It’s 2010 – and I’m disappointed by the web

I feel I’ve spent the last 12 years of life, my career, trying to help people do things better.  Helping them make better systems, better experiences, better websites.  And I would expect that there are other people like me doing similar things for similar organisations.

But still I see so many organisations just getting it wrong, and I think I’ve figured out why.  Fundamentally these organisations (I’m going to just say ‘people’ from now on) are making flawed business process decisions.  The decisions they are making about what to do on their website are being made with the concept being “how can I make this easier for me”.  Wrong!

It’s not about you – it should never be about you

So what do I mean by ‘you’ – who is ‘you’?  You is the organisation you work for.  ‘You’ is the one making decisions about your business, your products and services, your communications and strategy.  ‘You’ might be the CEO, it might be the IT department, the marketing department, the membership team, or perhaps the worst offender – the accounting/finance department.

When you make decisions with ‘you’ in mind what you are doing is leaving out the customer altogether.  You are forgetting about their experience with your organisation and forgetting that without ‘them’ there would be a ‘you’ in the first place.
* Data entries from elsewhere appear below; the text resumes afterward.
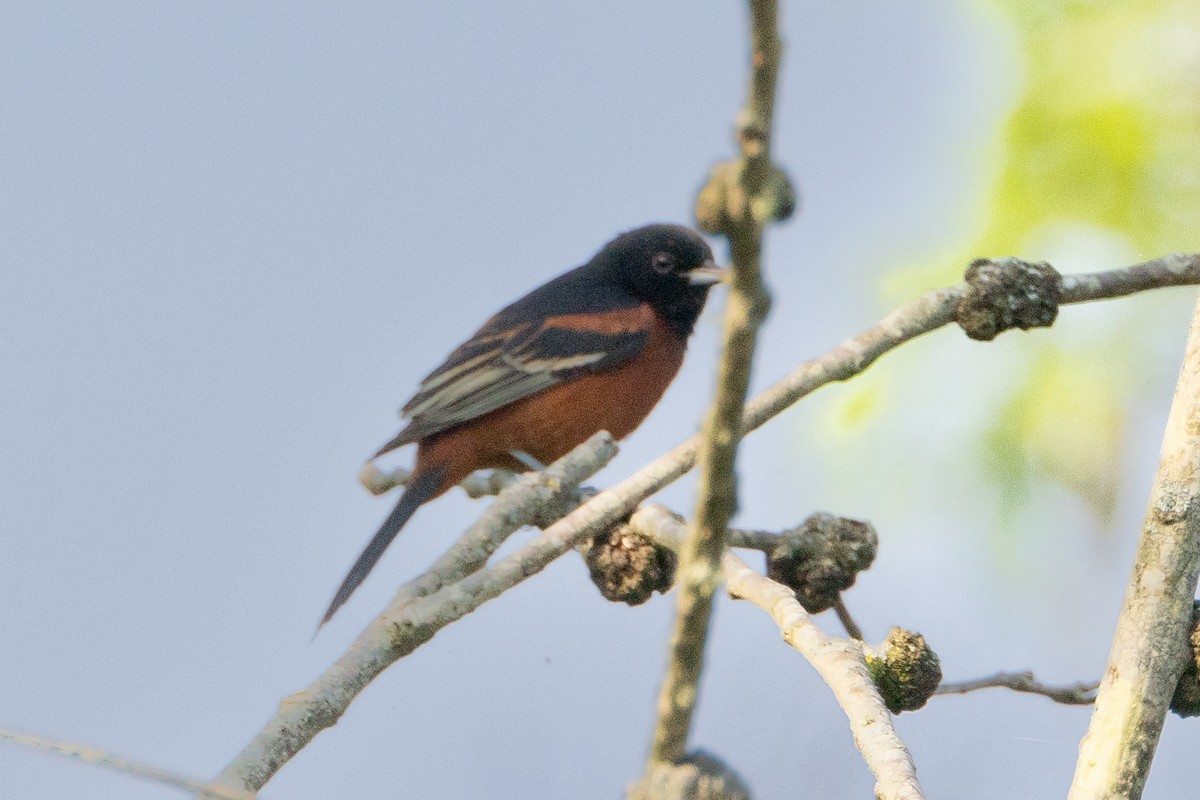 Orchard Oriole - ML616301736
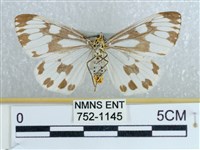 粉蝶燈蛾藏品圖，第2張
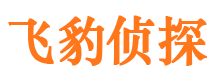 桂平商务调查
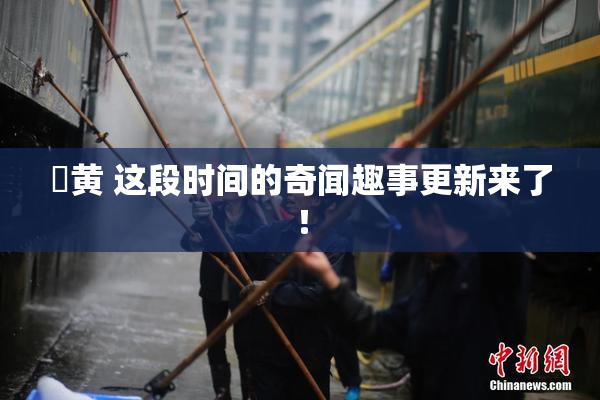 ✿黄 这段时间的奇闻趣事更新来了！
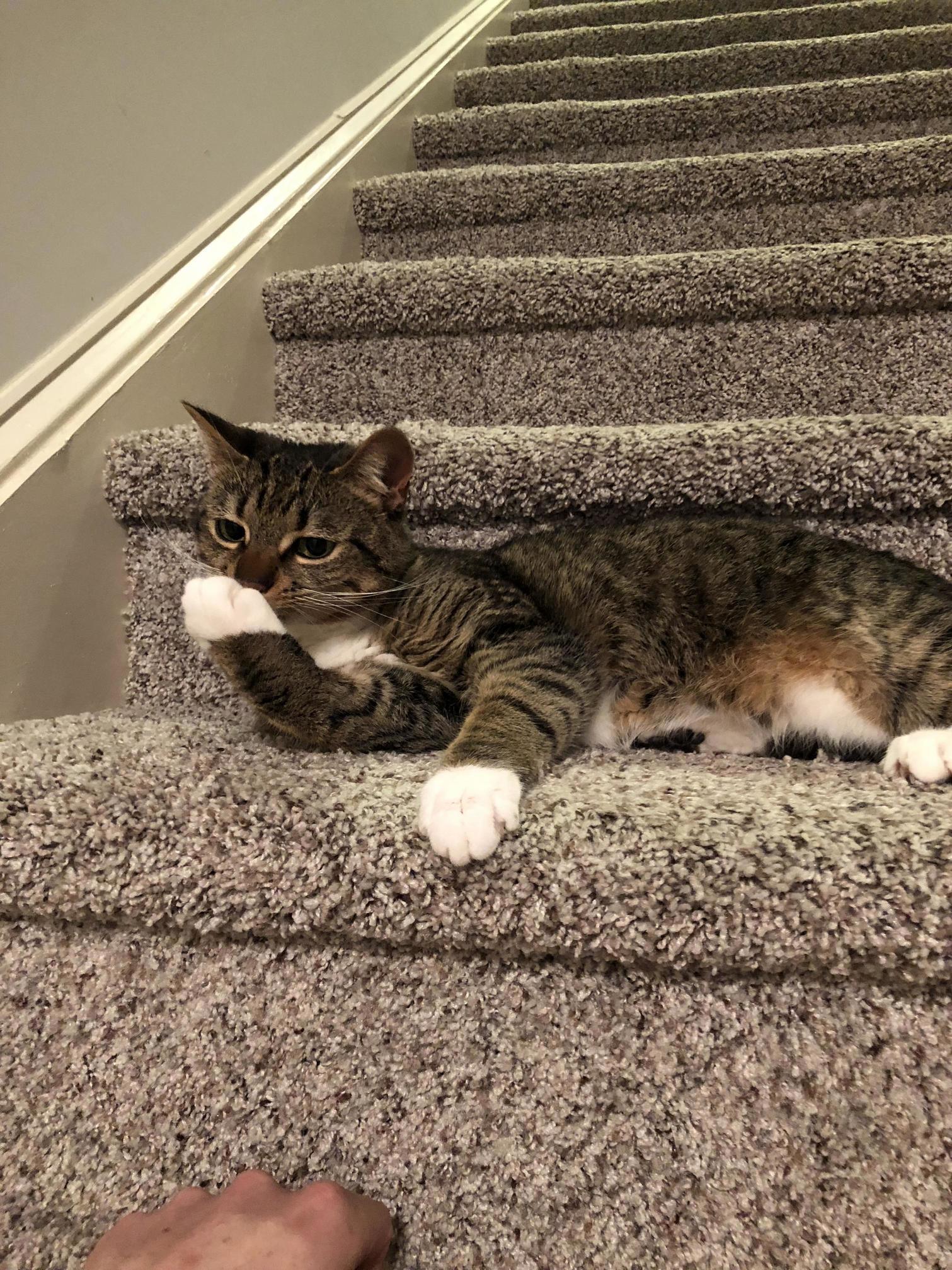 She Looks Embarrassed. Poor Girl.
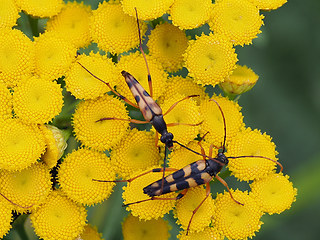 Strangalia attenuata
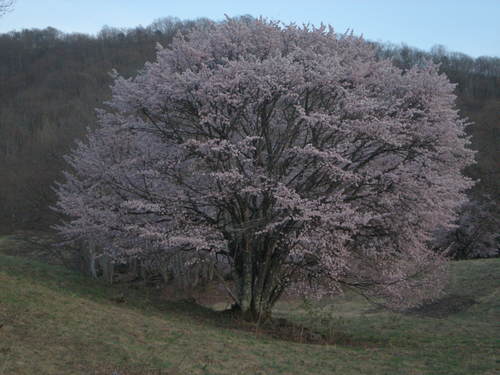 開花情報2_b0365347_22504159.jpg
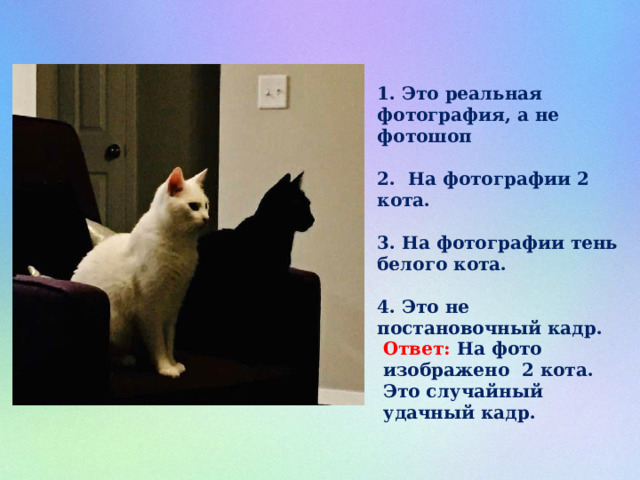 1. Это реальная фотография, а не фотошоп  2. На фотографии 2 кота.  3. На фотографии тень белого кота.  4. Это не постановочный кадр. Ответ: На фото изображено 2 кота. Это случайный удачный кадр. 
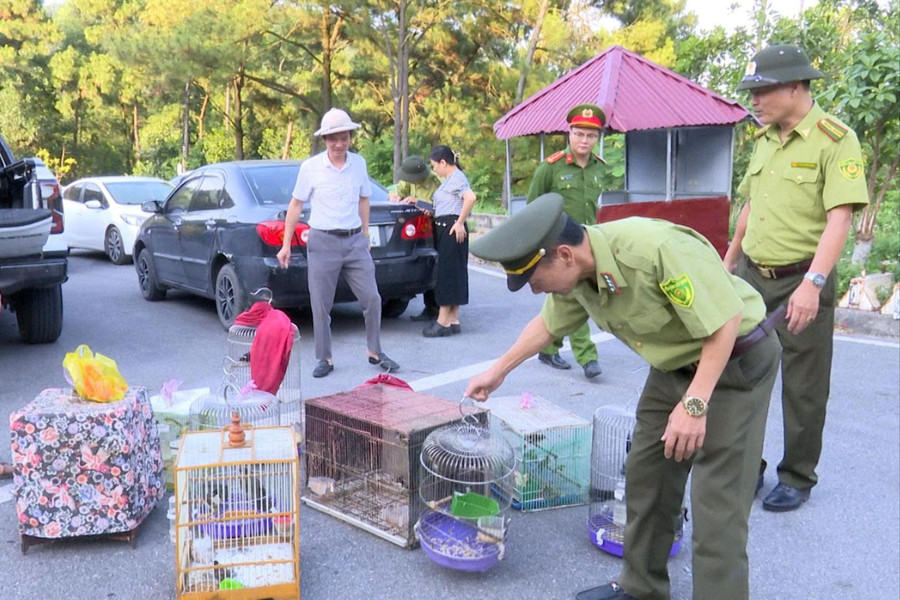 Phối hợp bảo vệ động vật hoang dã tại Hải Phòng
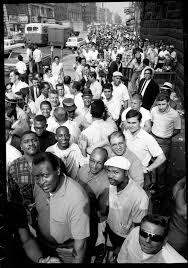 Bildergebnis für Shelly Rusten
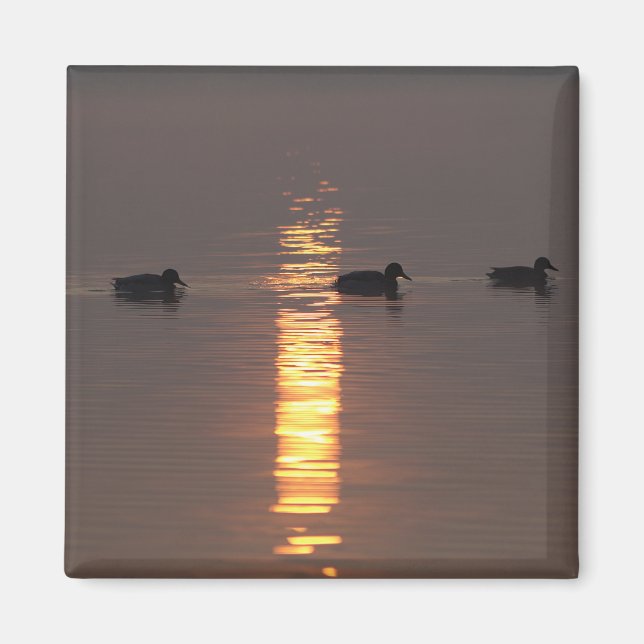 Magnet Mallards (Devant)
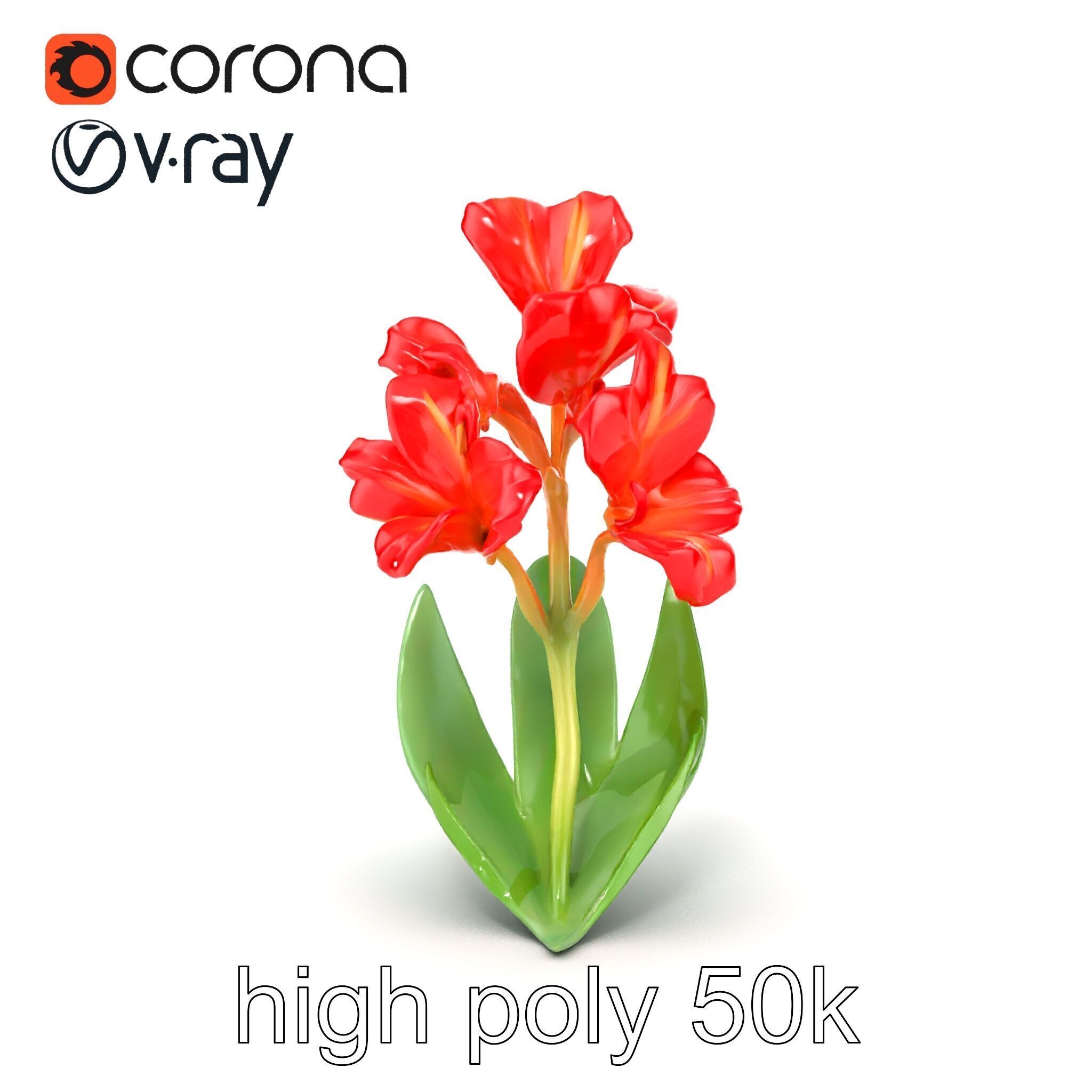 Miniature Gladiolus Flower Realistic Petal Model Pack Low-poly 3D model_31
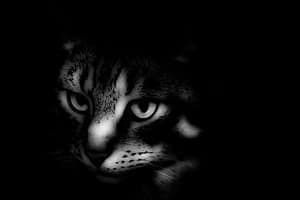 Black and white image of a domestic cat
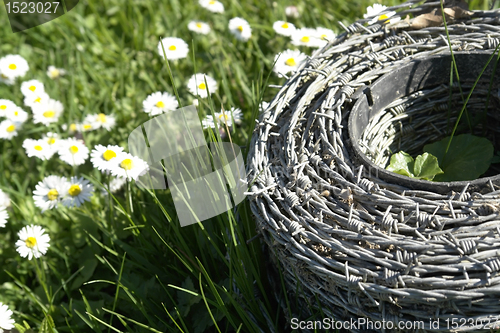 Image of barbwire and daisy flowers on a meadow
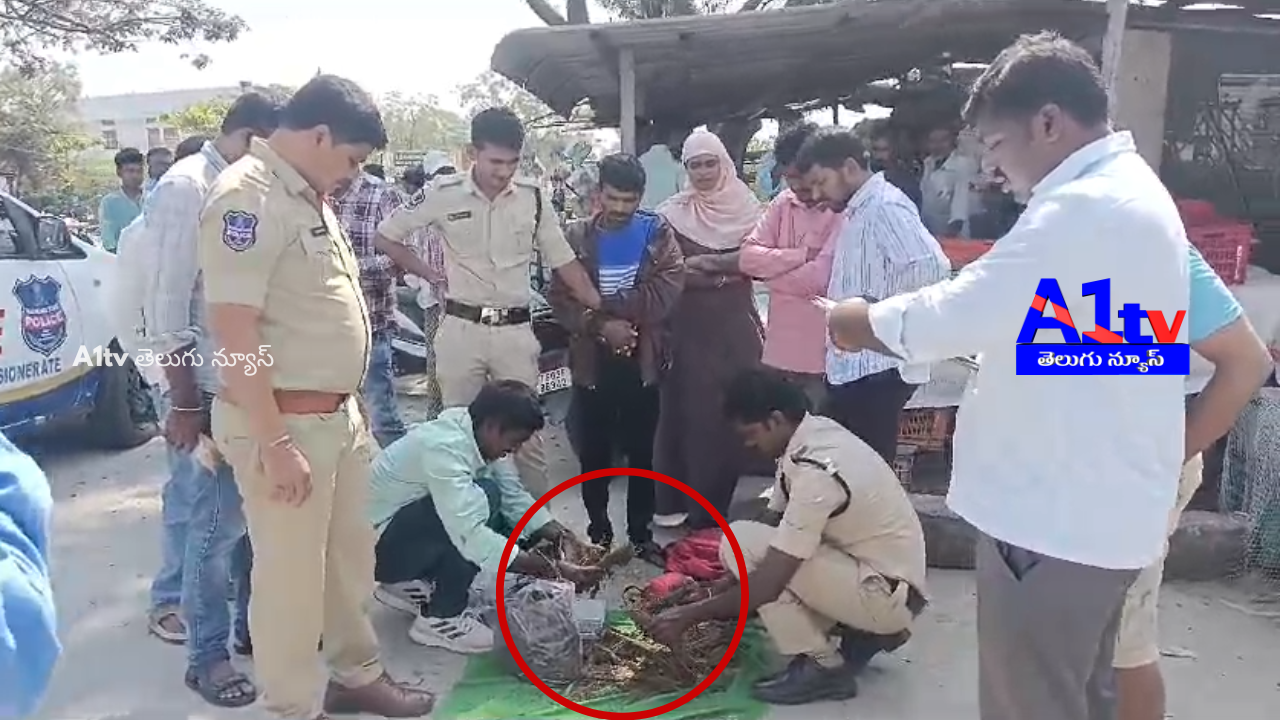 Police seized 2.5 kgs of dried ganja in Rayaparthi Mandal, arrested a person from Odisha, and began an investigation.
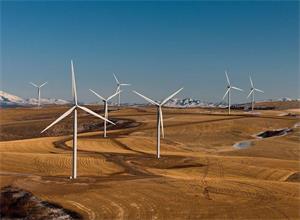 GUVNL宣布取消500兆瓦风电项目招标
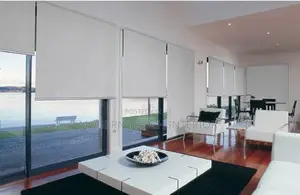 Sleek Horizontal Sunscreen Blinds
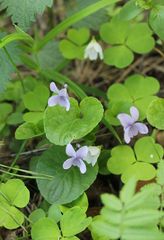 Viola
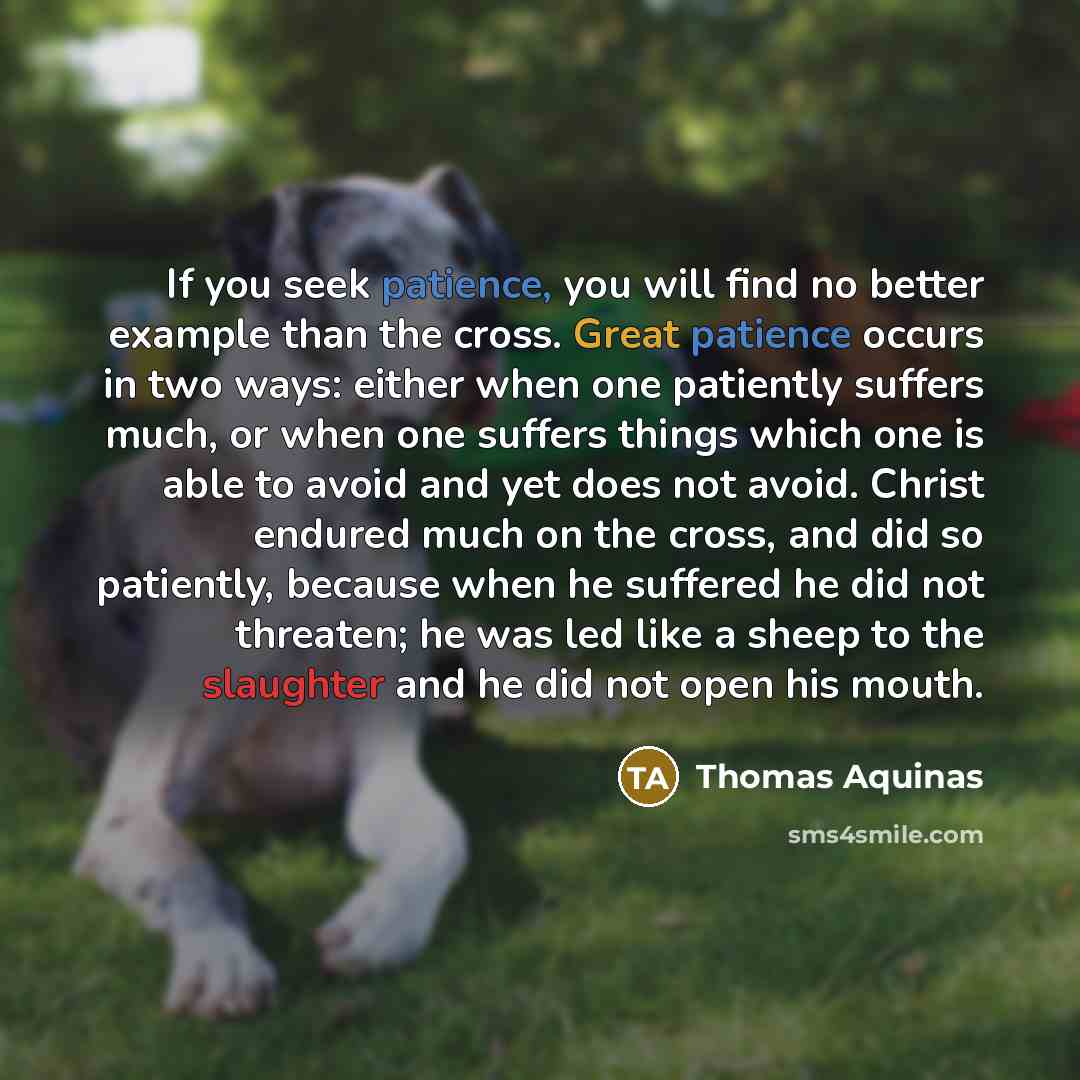 “If you seek patience, you will find no better example…” quote by Thomas Aquinas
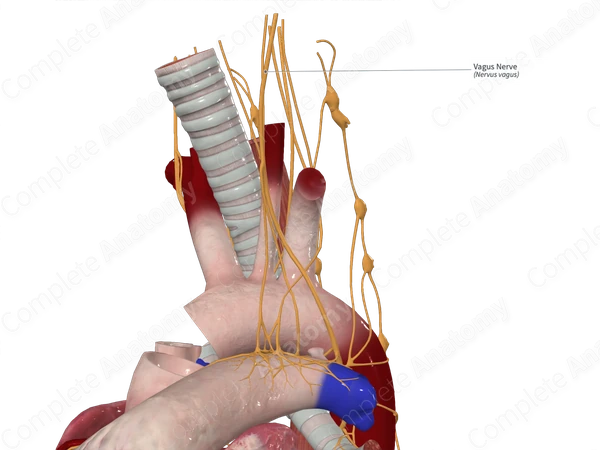 Vagus Nerve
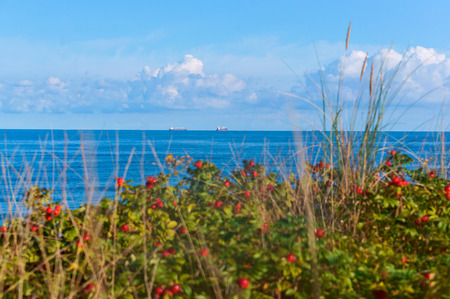rosehip bushes on the beach, two ships on the horizonの写真素材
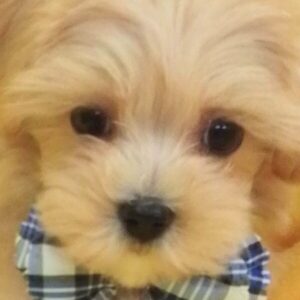ミックス犬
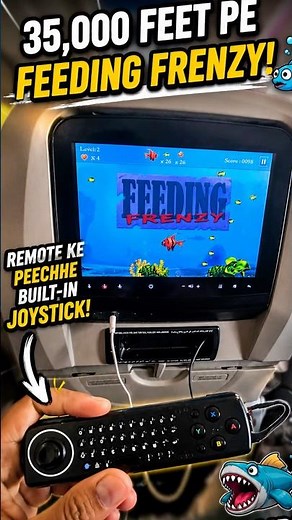 Playing Feeding Frenzy at 35,000 Feet in Airplane✈️🐟
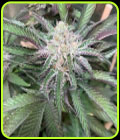 Alien Wedding - Mosca Seeds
It’s the internet – and it’s instant

Put your hand up if your website has a ‘contact us’ form of some sort, perhaps something like the one used by the Zoom Teeth Whitening Centre right here in Melbourne.  My goal was simple – get an appointment.  If only the process was simple.

Firstly I found this organisation by doing a google search for teeth whitening melbourne, and at the top of the results was an advertisement for these guys.  Now I know a little about advertising on the web (in fact I know alot about it) and I know that anything that has a customer value of $495 is a highly competitive keyword search market.  Suffice to say that this organisation would be paying considerably for each and every click on that advert.  And to be honest it’s being waisted right now.

After taking a few seconds to look around their site I decided to hit the contact us form.  Alot of information requested but hey – if they’re asking for it then it must be important right?  And if you take a second to actually look at the form – it even asks when I’d like to have my appointment, day and time.  Hit the go button and sit back.

And then you wait.

And you wait some more.

And nothing happens.  Days go by and nothing happens.  Weeks go by and still nothing.

I don’t think my expectations are too high here – I think if I take the time to fill in your online form – provide all the appropriate information and follow the rules – then it’s common courtesy that you would take the time to respond to it.  I’d be happy to wait perhaps an hour, perhaps two, and reluctantly wait a day.  Anything more is just wasted time, effort, and dollars.  Not my dollars, yours.

Shouldn’t the response be instant?  Shouldn’t the receptionist be getting an email or an alert that says “someone did something you need to pay attention to?”  If I chose to pick up the phone then they would get an alert – a black box on their desk would ring.  Why is it so different with web forms?

I’d love to hear your experiences, good and bad.

This just has to stop.  At some point organisations operating like this need to realise that the thousands of dollars they spent building their website, optimising it for google and paying for the click through adverts is completely wasted if they aren’t taking the customer experience into account.  It’s not about ‘you’, it’s about ‘me’.